» **What is being asked**
Repeat exactly, and only, the lines below starting at the line that contains "Kojící,těhotenské triko JULIE - šedý melír" and ending at the line that contains "Chauffeuse en velours", inclusive of both.

########################################

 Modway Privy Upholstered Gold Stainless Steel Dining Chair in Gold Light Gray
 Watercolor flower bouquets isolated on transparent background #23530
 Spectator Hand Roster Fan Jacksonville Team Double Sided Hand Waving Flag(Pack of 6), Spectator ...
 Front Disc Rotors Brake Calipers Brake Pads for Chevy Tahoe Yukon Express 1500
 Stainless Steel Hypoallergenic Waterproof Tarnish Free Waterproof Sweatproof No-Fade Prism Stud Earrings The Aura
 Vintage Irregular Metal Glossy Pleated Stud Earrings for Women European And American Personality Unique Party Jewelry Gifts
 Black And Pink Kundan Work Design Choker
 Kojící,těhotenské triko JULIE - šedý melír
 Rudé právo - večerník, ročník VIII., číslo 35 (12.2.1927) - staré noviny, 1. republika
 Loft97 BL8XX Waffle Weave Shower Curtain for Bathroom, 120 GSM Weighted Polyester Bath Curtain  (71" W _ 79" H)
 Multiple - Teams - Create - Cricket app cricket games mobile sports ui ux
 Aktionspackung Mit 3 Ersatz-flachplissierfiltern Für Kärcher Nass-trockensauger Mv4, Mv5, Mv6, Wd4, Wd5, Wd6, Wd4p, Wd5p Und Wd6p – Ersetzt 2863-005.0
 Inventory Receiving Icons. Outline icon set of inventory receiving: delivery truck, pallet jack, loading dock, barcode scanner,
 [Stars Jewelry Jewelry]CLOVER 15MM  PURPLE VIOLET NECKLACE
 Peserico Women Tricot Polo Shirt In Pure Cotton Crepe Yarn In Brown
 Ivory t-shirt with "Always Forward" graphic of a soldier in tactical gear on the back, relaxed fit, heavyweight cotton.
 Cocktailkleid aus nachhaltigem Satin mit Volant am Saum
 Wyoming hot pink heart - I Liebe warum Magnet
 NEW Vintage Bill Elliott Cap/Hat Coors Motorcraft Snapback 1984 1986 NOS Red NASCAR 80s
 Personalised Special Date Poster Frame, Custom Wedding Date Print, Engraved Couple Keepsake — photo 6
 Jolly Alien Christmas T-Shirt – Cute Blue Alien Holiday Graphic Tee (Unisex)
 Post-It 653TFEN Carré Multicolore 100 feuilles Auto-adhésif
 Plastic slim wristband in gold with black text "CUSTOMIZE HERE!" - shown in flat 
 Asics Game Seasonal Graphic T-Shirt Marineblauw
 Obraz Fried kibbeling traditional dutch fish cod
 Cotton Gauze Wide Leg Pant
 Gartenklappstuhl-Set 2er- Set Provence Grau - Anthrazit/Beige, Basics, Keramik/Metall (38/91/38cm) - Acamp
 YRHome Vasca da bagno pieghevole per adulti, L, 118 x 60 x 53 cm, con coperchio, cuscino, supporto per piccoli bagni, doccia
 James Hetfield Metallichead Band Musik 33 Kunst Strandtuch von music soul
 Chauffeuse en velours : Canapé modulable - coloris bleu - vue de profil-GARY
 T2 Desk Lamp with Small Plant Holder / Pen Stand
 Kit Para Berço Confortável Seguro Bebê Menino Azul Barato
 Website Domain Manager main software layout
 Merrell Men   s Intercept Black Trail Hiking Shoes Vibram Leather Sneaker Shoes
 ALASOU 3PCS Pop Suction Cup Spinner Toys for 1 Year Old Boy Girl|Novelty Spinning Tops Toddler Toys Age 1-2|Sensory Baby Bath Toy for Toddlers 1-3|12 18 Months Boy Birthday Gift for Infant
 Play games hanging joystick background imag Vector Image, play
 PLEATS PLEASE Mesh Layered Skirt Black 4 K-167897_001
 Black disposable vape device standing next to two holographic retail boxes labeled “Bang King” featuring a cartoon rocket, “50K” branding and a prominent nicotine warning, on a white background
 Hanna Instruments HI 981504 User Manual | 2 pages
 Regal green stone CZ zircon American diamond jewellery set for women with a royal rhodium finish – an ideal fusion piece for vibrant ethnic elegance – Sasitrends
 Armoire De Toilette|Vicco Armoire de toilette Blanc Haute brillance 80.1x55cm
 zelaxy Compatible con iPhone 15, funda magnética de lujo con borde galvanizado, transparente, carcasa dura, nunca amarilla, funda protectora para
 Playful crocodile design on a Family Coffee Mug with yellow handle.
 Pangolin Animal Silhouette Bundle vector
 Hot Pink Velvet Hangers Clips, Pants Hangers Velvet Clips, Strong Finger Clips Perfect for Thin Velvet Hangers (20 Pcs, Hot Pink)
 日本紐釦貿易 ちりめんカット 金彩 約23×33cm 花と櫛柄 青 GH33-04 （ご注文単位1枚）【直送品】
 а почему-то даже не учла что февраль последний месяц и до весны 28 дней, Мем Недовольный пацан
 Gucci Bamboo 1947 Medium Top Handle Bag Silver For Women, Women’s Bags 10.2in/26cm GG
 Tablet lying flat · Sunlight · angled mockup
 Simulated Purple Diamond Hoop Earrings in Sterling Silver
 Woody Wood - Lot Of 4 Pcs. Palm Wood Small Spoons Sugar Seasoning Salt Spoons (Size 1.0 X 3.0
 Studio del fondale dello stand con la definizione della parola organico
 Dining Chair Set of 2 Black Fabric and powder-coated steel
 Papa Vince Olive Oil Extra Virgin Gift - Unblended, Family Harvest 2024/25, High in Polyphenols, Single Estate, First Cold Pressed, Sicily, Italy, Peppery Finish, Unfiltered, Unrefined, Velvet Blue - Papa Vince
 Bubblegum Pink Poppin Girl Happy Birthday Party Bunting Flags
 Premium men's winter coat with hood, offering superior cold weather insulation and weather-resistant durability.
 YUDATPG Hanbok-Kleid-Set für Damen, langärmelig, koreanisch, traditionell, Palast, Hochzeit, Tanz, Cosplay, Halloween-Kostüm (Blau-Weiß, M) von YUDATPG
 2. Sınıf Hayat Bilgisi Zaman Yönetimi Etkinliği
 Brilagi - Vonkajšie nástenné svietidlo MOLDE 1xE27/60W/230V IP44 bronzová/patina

########################################

» **Answer for the task**
 Kojící,těhotenské triko JULIE - šedý melír
 Rudé právo - večerník, ročník VIII., číslo 35 (12.2.1927) - staré noviny, 1. republika
 Loft97 BL8XX Waffle Weave Shower Curtain for Bathroom, 120 GSM Weighted Polyester Bath Curtain  (71" W _ 79" H)
 Multiple - Teams - Create - Cricket app cricket games mobile sports ui ux
 Aktionspackung Mit 3 Ersatz-flachplissierfiltern Für Kärcher Nass-trockensauger Mv4, Mv5, Mv6, Wd4, Wd5, Wd6, Wd4p, Wd5p Und Wd6p – Ersetzt 2863-005.0
 Inventory Receiving Icons. Outline icon set of inventory receiving: delivery truck, pallet jack, loading dock, barcode scanner,
 [Stars Jewelry Jewelry]CLOVER 15MM  PURPLE VIOLET NECKLACE
 Peserico Women Tricot Polo Shirt In Pure Cotton Crepe Yarn In Brown
 Ivory t-shirt with "Always Forward" graphic of a soldier in tactical gear on the back, relaxed fit, heavyweight cotton.
 Cocktailkleid aus nachhaltigem Satin mit Volant am Saum
 Wyoming hot pink heart - I Liebe warum Magnet
 NEW Vintage Bill Elliott Cap/Hat Coors Motorcraft Snapback 1984 1986 NOS Red NASCAR 80s
 Personalised Special Date Poster Frame, Custom Wedding Date Print, Engraved Couple Keepsake — photo 6
 Jolly Alien Christmas T-Shirt – Cute Blue Alien Holiday Graphic Tee (Unisex)
 Post-It 653TFEN Carré Multicolore 100 feuilles Auto-adhésif
 Plastic slim wristband in gold with black text "CUSTOMIZE HERE!" - shown in flat 
 Asics Game Seasonal Graphic T-Shirt Marineblauw
 Obraz Fried kibbeling traditional dutch fish cod
 Cotton Gauze Wide Leg Pant
 Gartenklappstuhl-Set 2er- Set Provence Grau - Anthrazit/Beige, Basics, Keramik/Metall (38/91/38cm) - Acamp
 YRHome Vasca da bagno pieghevole per adulti, L, 118 x 60 x 53 cm, con coperchio, cuscino, supporto per piccoli bagni, doccia
 James Hetfield Metallichead Band Musik 33 Kunst Strandtuch von music soul
 Chauffeuse en velours : Canapé modulable - coloris bleu - vue de profil-GARY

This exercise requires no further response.